根据上篇的解释可知，在默认trigger下，仅当流入的是迟到数据才会在 onElement 中触发trigger。
因此，这里大家就可以实现自己的trigger，根据流入的每一个数据，判断是否需要触发trigger，达到提前触发计算的目的。

根据trigger的结果，执行不同的逻辑

                if (triggerResult.isFire()) {
                    ACC contents = windowState.get();
                    if (contents == null) {
                        continue;
                    }
                    emitWindowContents(window, contents);
                }
                if (triggerResult.isPurge()) {
                    windowState.clear();
                }

FIRE：代表触发window的计算。首先从 windowState 中获取内容。由刚刚的分析知道，在 Incremental Aggregation Functions 情况下，返回的是一个常量 : 计算结果。在 ProcessWindowFunction 情况下，返回的是当前window中的数据，一个list的iterator对象。然后执行 emitWindowContents(window, contents); 语句

private void emitWindowContents(W window, ACC contents) throws Exception {
        timestampedCollector.setAbsoluteTimestamp(window.maxTimestamp());
        processContext.window = window;
        userFunction.process(triggerContext.key, window, processContext, contents, timestampedCollector);
    }

该方法会调用用户实现的计算逻辑(ProcessWindowFunction实现类)，将流入的数据 contents 经过计算，得到结果后写入 timestampedCollector。

PURGE: 代表需要清除window。这里就是执行 windowState.clear(); 语句。结果便是window的计算结果(Incremental Aggregation Functions 情况下)或者缓存的数据(ProcessWindwoFunction 情况下)清除，即：该window的状态被清除。但是此时window对象还未删除，相关的trigger中的自定义状态与 ProcessWindowFunction 中的状态还未删除。

最后，为该window注册失效后的回调函数，在window失效后，删除window并做其他收尾工作。

registerCleanupTimer(window);

前面说过了， WindowOperator 实现了 Triggerable 接口，且有 triggerContext 获取当前正在处理的window的trigger来注册回调函数，registerCleanupTimer(window)方法如下：

protected void registerCleanupTimer(W window) {
        long cleanupTime = cleanupTime(window);
        if (cleanupTime == Long.MAX_VALUE) {
            // don't set a GC timer for "end of time"
            return;
        }

        if (windowAssigner.isEventTime()) {
            triggerContext.registerEventTimeTimer(cleanupTime);
        } else {
            triggerContext.registerProcessingTimeTimer(cleanupTime);
        }
    }

public void registerEventTimeTimer(long time) {
            internalTimerService.registerEventTimeTimer(window, time);
        }

通过上面的两个方法可以看出，这里的回调函数并不是注册在当前window的trigger中，而是注册在 WindowOperator 内部持有的一个 internalTimerService 中。

那该window是在何时才会失效呢？

private long cleanupTime(W window) {
        if (windowAssigner.isEventTime()) {
            long cleanupTime = window.maxTimestamp() + allowedLateness;
            return cleanupTime >= window.maxTimestamp() ? cleanupTime : Long.MAX_VALUE;
        } else {
            return window.maxTimestamp();
        }
    }

window 在 watermark 的时间戳大于 maxTimestamp + allowedLateness 时，才会过期，这便是 flink 提供的除了 watermark 外的另一种处理迟到数据的机制。
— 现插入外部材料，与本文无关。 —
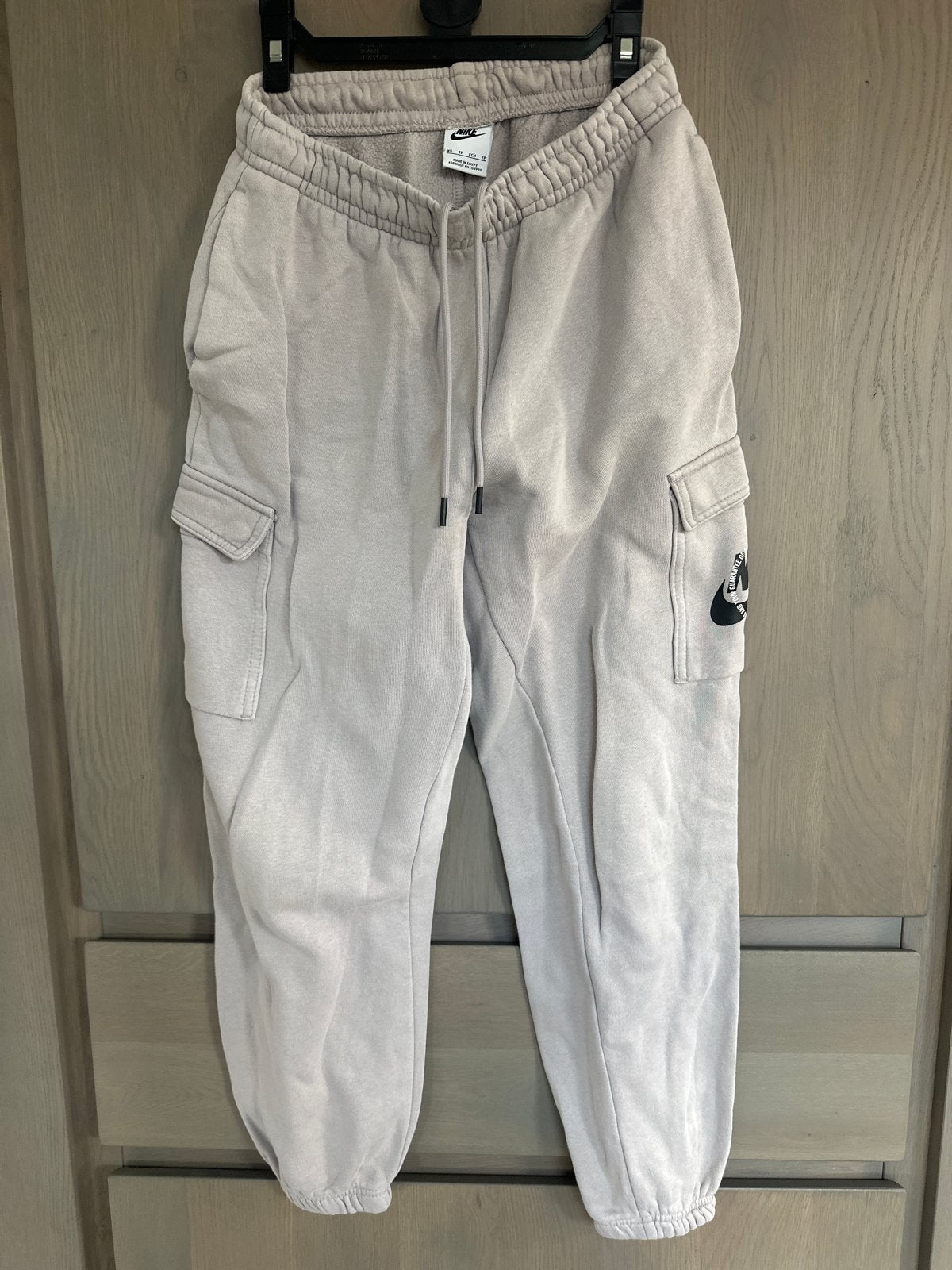 Nike cargo joggingbroek - Zo goed als nieuw, Kleding | Dames, Ophalen, Beige, Zo goed als nieuw, Maat 34 (XS) of kleiner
我们再看看，window过期后，回调函数是怎么处理的。

public void onEventTime(InternalTimer<K, W> timer) throws Exception {
        triggerContext.key = timer.getKey();
        triggerContext.window = timer.getNamespace();

        MergingWindowSet<W> mergingWindows;

        if (windowAssigner instanceof MergingWindowAssigner) {
            mergingWindows = getMergingWindowSet();
            W stateWindow = mergingWindows.getStateWindow(triggerContext.window);
            if (stateWindow == null) {
                // Timer firing for non-existent window, this can only happen if a
                // trigger did not clean up timers. We have already cleared the merging
                // window and therefore the Trigger state, however, so nothing to do.
                return;
            } else {
                windowState.setCurrentNamespace(stateWindow);
            }
        } else {
            windowState.setCurrentNamespace(triggerContext.window);
            mergingWindows = null;
        }

        ACC contents = null;
        if (windowState != null) {
            contents = windowState.get();
        }

        if (contents != null) {
            TriggerResult triggerResult = triggerContext.onEventTime(timer.getTimestamp());
            if (triggerResult.isFire()) {
                emitWindowContents(triggerContext.window, contents);
            }
            if (triggerResult.isPurge()) {
                windowState.clear();
            }
        }

        if (windowAssigner.isEventTime() && isCleanupTime(triggerContext.window, timer.getTimestamp())) {
            clearAllState(triggerContext.window, windowState, mergingWindows);
        }

        if (mergingWindows != null) {
            // need to make sure to update the merging state in state
            mergingWindows.persist();
        }
    }

上面与 MergingWindowAssigner 相关的分支我们不进入分析。
为了方便分析，我们假设 window 的过期时间 maxTimestamp + allowedLateness = 2000 + 1500 = 3500。当 watermark 的时间戳大于 3500 时，便会触发该回调函数，为了说明普遍性，假设 watermark 的时间戳为 4000。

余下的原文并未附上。